Here is code from my L-system processing system. I hope the syntax is self-explaining (for someone who knows L-systems).
lsystem Hilbert3D { set iterations = 3; set symbols axiom = X; interpret F as DrawForward(10); interpret + as Yaw(90); interpret - as Yaw(-90); interpret ^ as Pitch(90); interpret & as Pitch(-90); interpret > as Roll(90); interpret < as Roll(-90); rewrite X to ^ < X F ^ < X F X - F ^ > > X F X & F + > > X F X - F > X - >; }

Source: http://malsys.cz/g/Rrl8LtQx
Unfortunately I don't know source of this concrete L-system. I probably found it using google. Also it may not be original Hilbert curve since there are more ways how to fill cube with poly-line. But I will try to explain how to construct something like this.
Hilbert curve is space-filling curve, it fills cube. So rewrite step should create cube from line. There are more ways how to create cube from lines in space. One way is this:
rewrite X to ^ F + F + F & F & F + F + F ^;
Notice, that X will yield to cube but it will not change the orientation after interpreting it (it behaves like ordinary line – orientation at beginning is the same as at the end and one step ahead). To test this behavior, rewritten X and F must end in the same place with the same orientation.
Than from cube you want larger cube. This can be achieved by copying our first cube 8 times (to all 8 vertices of cube). The lines from first iteration will "connect" our new 8 cubes to one poly-line. Sou you just need place X (which yields to cube) to appropriate places (to vertices, between edges). In following rewrite rule, X are placed randomly just to illustrate the result.

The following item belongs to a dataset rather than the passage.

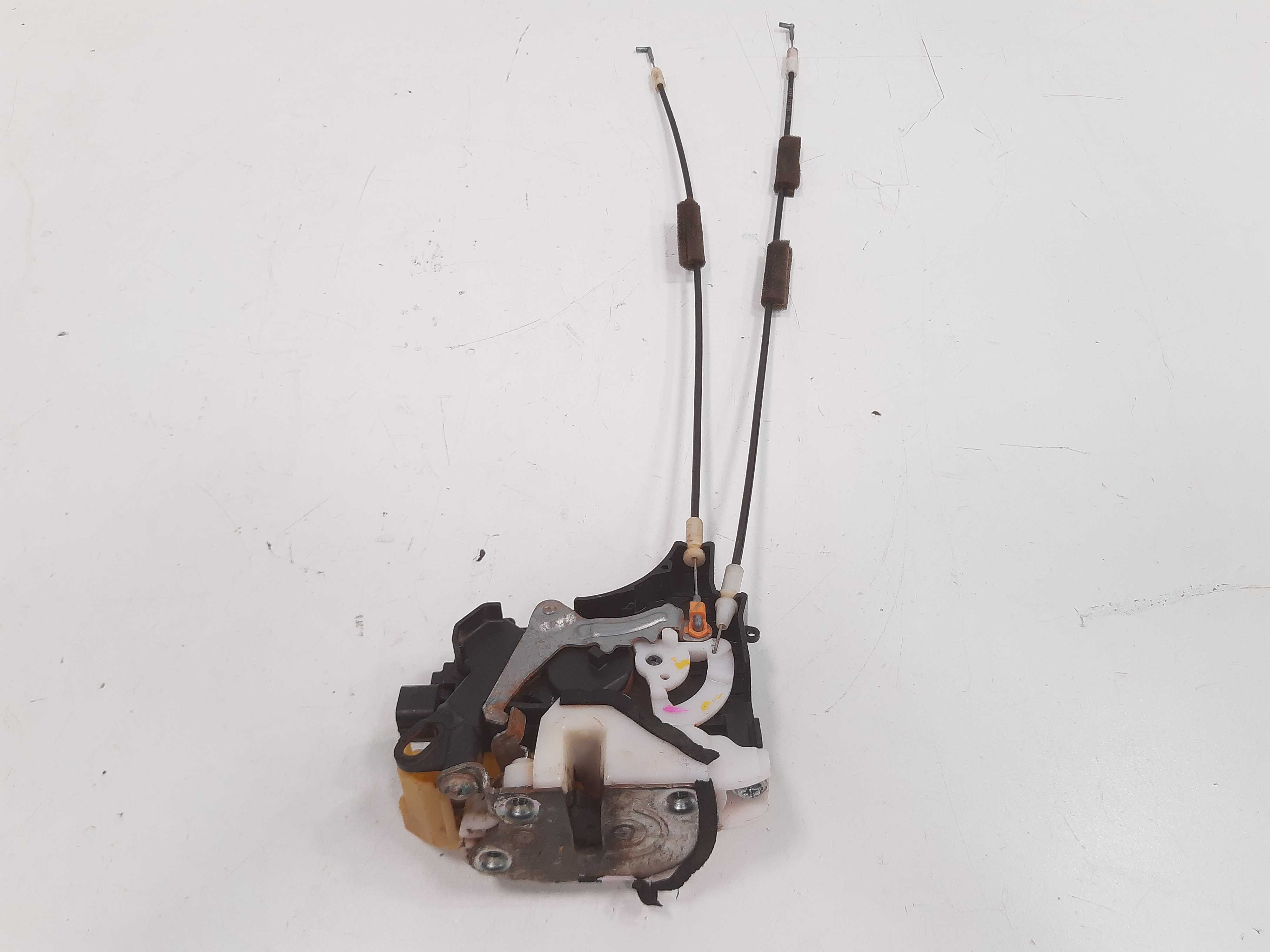 Fechadura Porta Dianteira Direita Mitsubishi L200 2009 Á 016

rewrite X to ^ X F X + F + X F & X F & X F + X F + X F ^ X;
The tricky part is to achieve that each cube will be generated to appropriate place (in correct orientation). You need rotate turtle before interpreting X to correct position to place the cube (which will be created from X) in correct orientation. I leave the corrections up to you :)
Hint: Imagine that F is line and X is do the same change in space like F (moves forward) but it draws cube to some direction as a side effect.
EDIT: L-system of 3D extension of Hilbert curve can be also found in The Algorithmic Beauty of Plants on page 20. This awesome book about L-systems can be downloaded from algorithmicbotany.org.